Steve Harvey did a lot of talking during the epic Earth, Wind and Fire-Isley Brother’s battle on Sunday night. Many would, and did, say he did too much talking.
But even the most anti-Steve Harvey viewers had to appreciate him giving a shoutout to HBCU bands during the four-hour long webcast.
As Earth Wind and Fire rose when D-Nice cue’d up the epic title cut to their 1979 album “In The Stone,” band heads from Dover, Delaware to the West Coast knew what was up. And Harvey felt the vibes too.
“Every HBCU in the country know this cut right here,” Harvey yelled over the music. “This the Sonic Boom and errybody else. The FAM (U) Rattlers. Everybody. Damn Southern. Let’s go.”
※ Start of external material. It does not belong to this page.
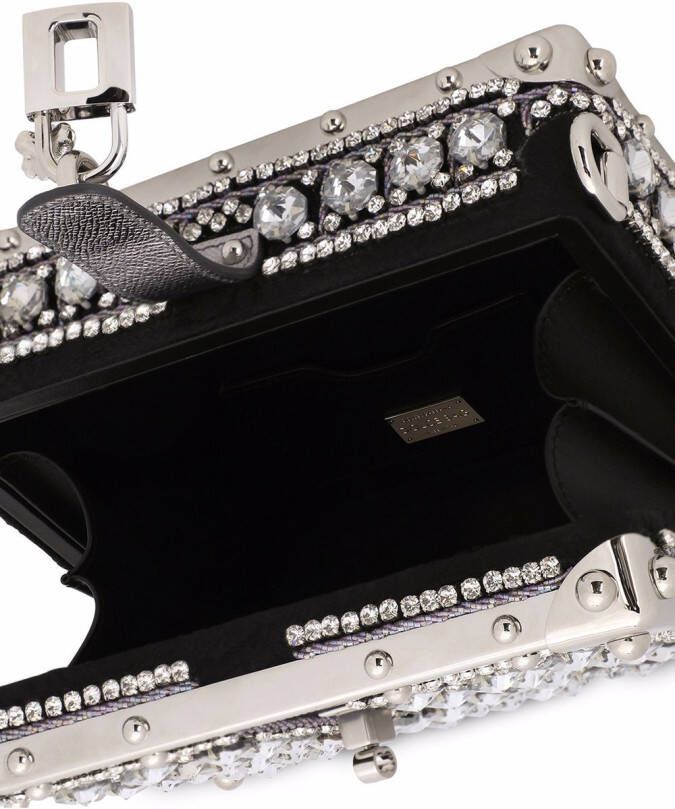 Dolce & Gabbana Dolce Box tas met handgreep en jacquard Wit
While Harvey mimicked some sort of horn player, the remaining members of Earth, Wind and Fire stood up and performed though they were already three hours into an epic night of music.
The two iconic bands put on a show befitting their illustrious histories. Both bands — but particularly Earth, Wind, and Fire — have become staples of HBCU marching bands over the past 50 years. Not only upbeat cuts like “In The Stone” and “Fantasy” or deep funk like “Shining Star,” but also ballads such as “Reasons” and “After The Love Has Gone,” continue to resonate nearly 50-years after they were released.
The Isley Brothers have an even longer musical legacy, reaching back to “Shout” in the 1950s. Their heavy guitar-driven arrangements have been and remain interpolated to this very day.
Harvey earned a lot of criticism for relaying his personal memories on the broadcast. So much so that he was allegedly told during a break to stop talking so much. But he was expressing — in his own, unique way — how the music of both groups were the soundtrack to his life.
They are also the soundtrack of HBCU band life, which many of us associate with the best times in our lives. Great memories with old friends put to the tune of pompous horns and heavy drums. It’s the sound that makes homecoming special, particularly after all we’ve endured this year.
So yes, Harvey was in his uncle story-telling bag, on Sunday night. But his brief moment connecting the HBCU experience to the music of the Isley Brothers and Earth, Wind and Fire was very necessary.